Start of INPUT FOR THIS TASK
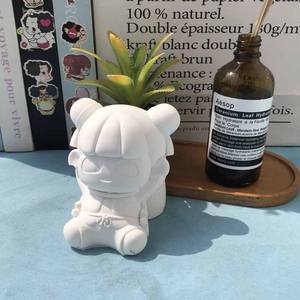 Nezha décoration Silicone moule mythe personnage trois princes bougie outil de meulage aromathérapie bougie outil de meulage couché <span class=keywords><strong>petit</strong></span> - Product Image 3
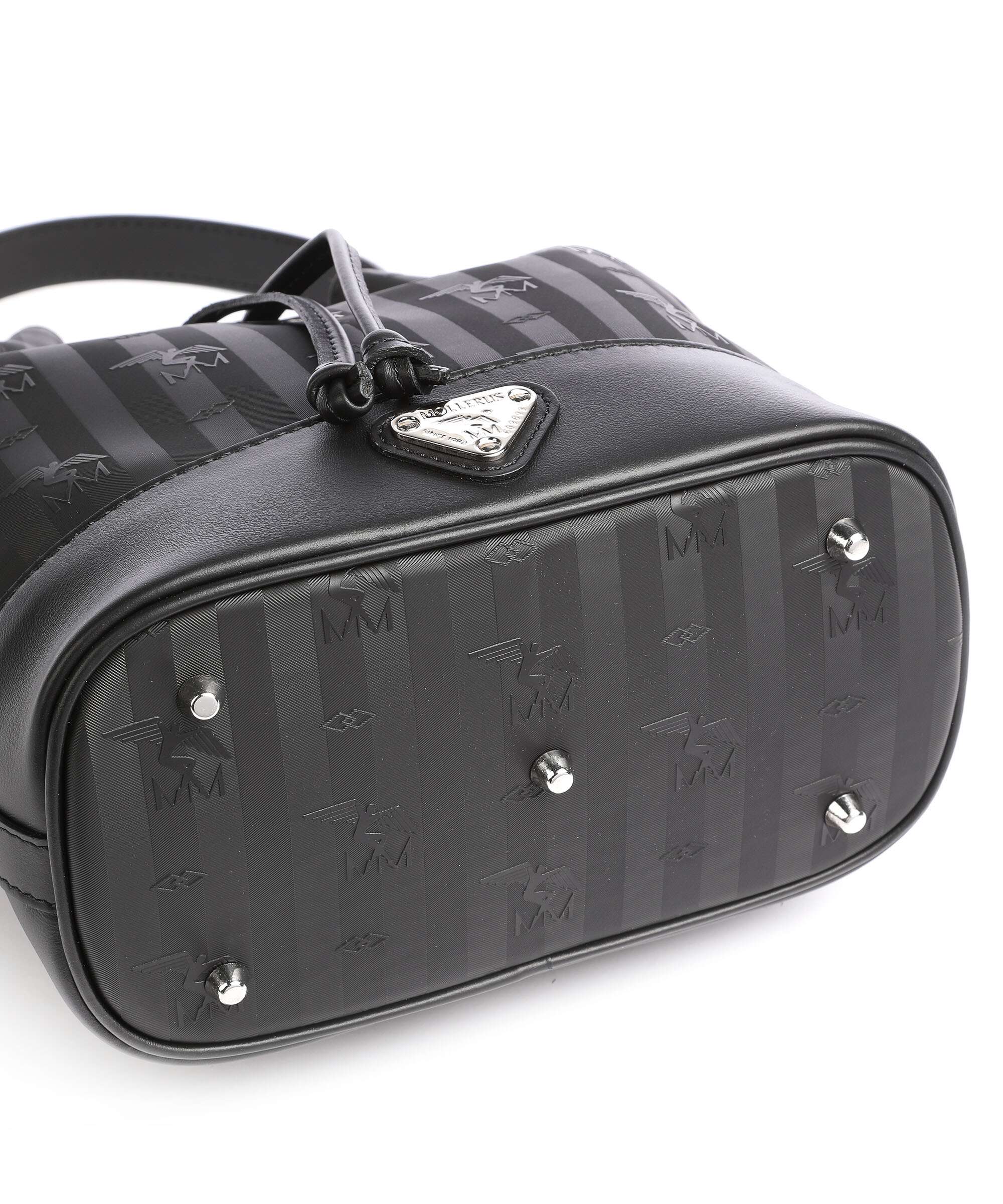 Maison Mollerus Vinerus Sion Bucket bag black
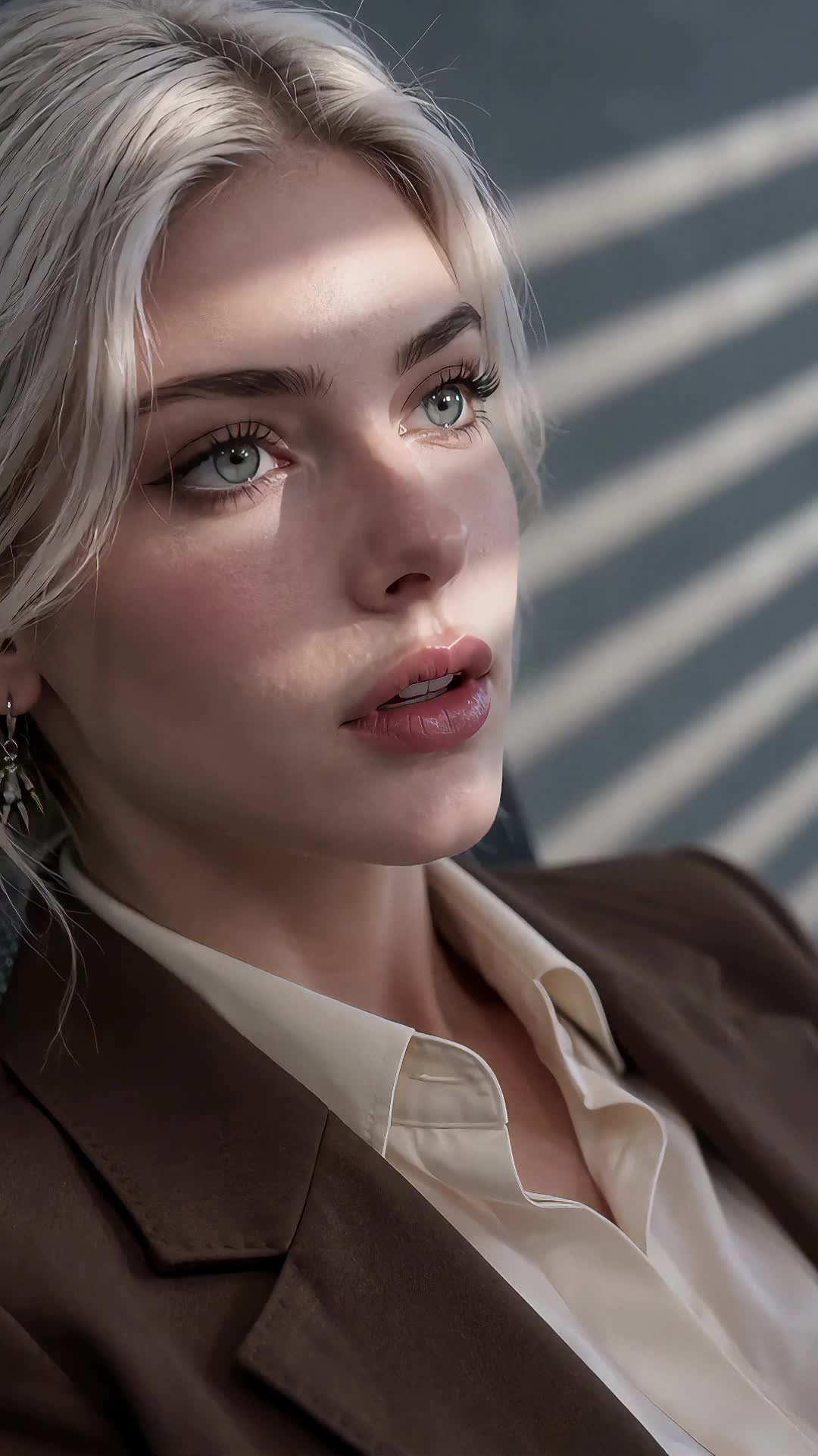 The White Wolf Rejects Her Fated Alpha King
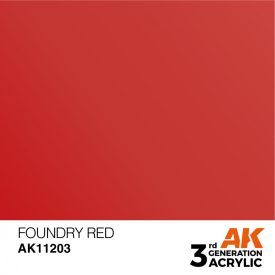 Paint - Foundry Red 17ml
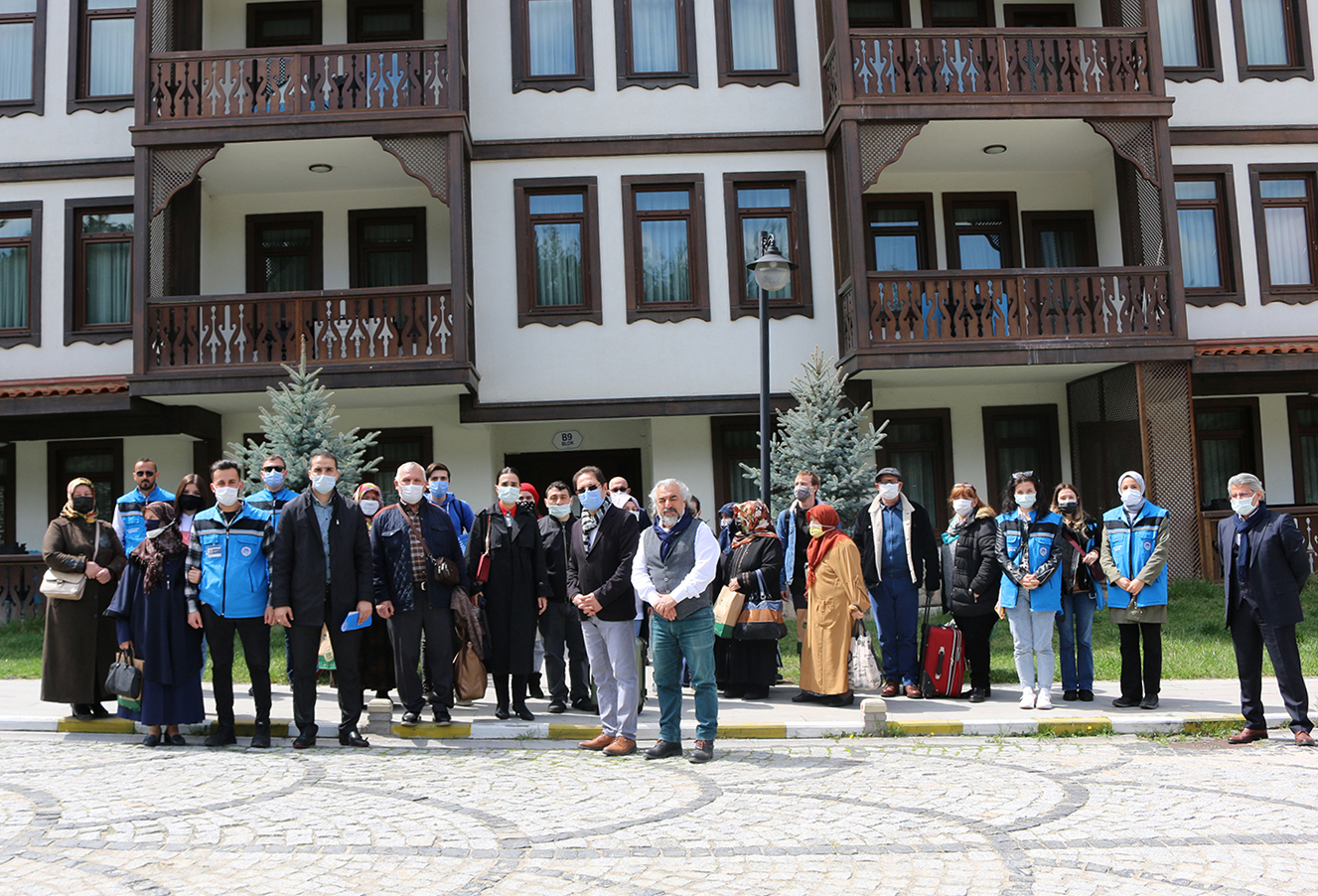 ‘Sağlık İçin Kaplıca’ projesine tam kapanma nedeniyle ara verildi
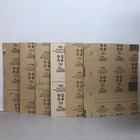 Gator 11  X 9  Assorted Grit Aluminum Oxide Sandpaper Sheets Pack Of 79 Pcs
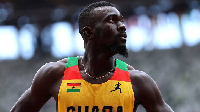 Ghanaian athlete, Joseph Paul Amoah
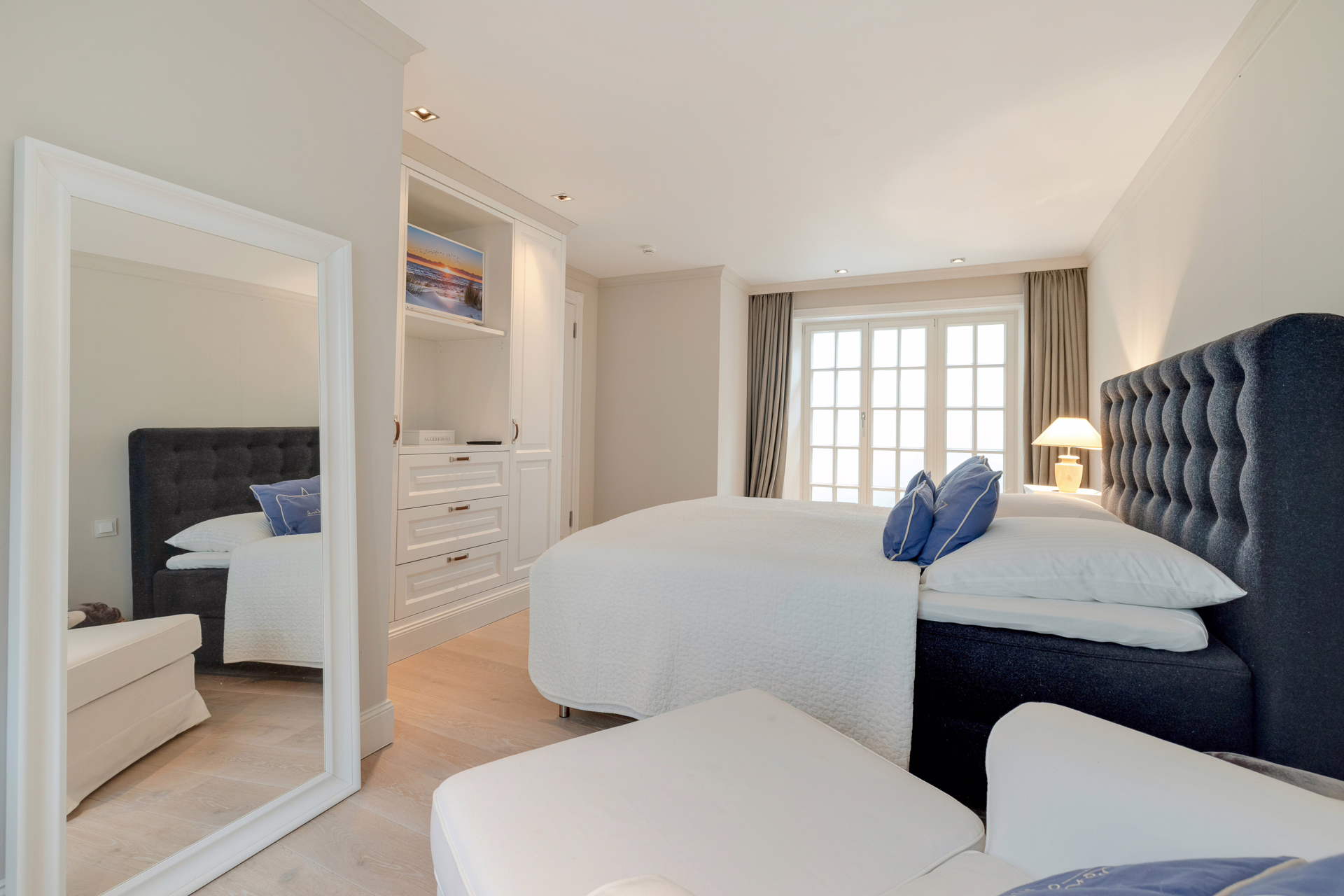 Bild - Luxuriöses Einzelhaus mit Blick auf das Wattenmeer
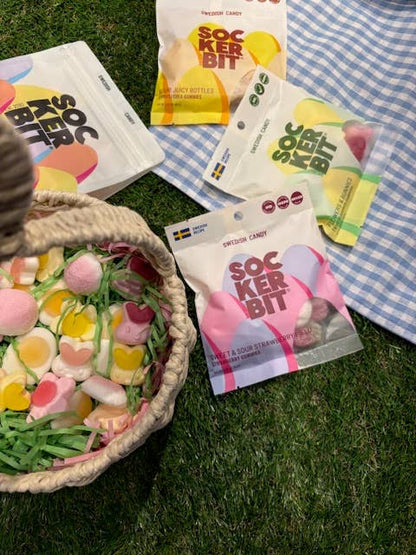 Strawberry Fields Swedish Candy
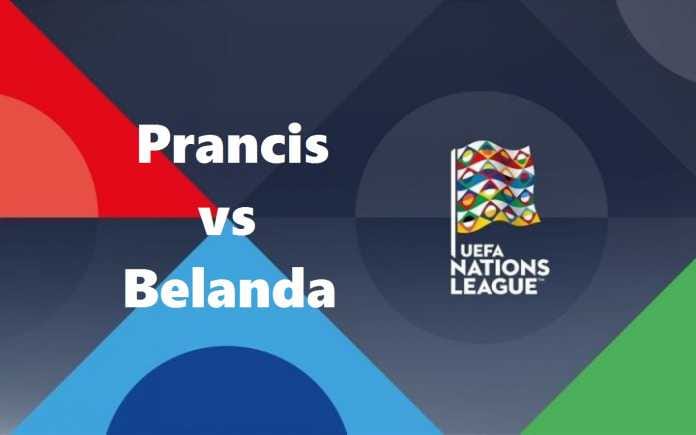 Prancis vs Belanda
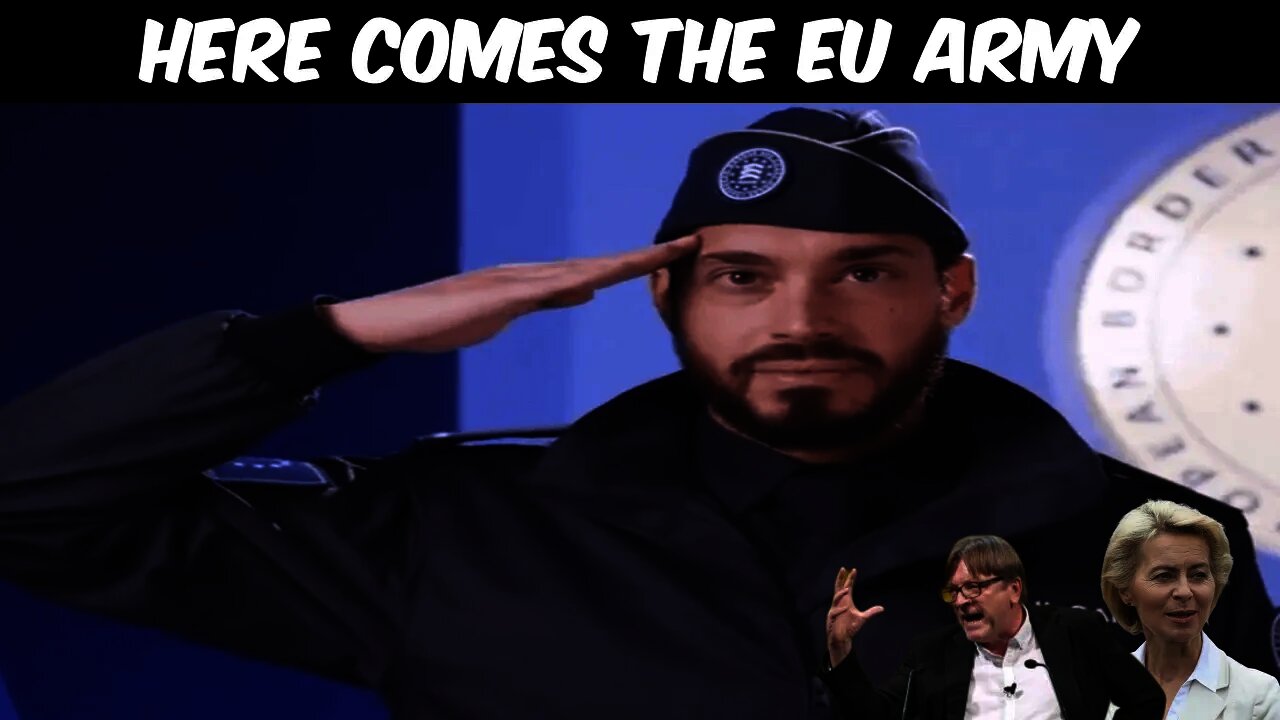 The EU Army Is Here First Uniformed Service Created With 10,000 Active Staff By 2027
End of INPUT FOR THIS TASK
* [WHAT TO PRODUCE] Start with the line holding "Paint - Foundry Red 17ml" and repeat exactly every line through the final line of the records above, but no pictures and nothing more.

* [RESULT OF THIS TASK]
 Paint - Foundry Red 17ml
 ‘Sağlık İçin Kaplıca’ projesine tam kapanma nedeniyle ara verildi
 Gator 11  X 9  Assorted Grit Aluminum Oxide Sandpaper Sheets Pack Of 79 Pcs
 Ghanaian athlete, Joseph Paul Amoah
 Bild - Luxuriöses Einzelhaus mit Blick auf das Wattenmeer
 Strawberry Fields Swedish Candy
 Prancis vs Belanda
 The EU Army Is Here First Uniformed Service Created With 10,000 Active Staff By 2027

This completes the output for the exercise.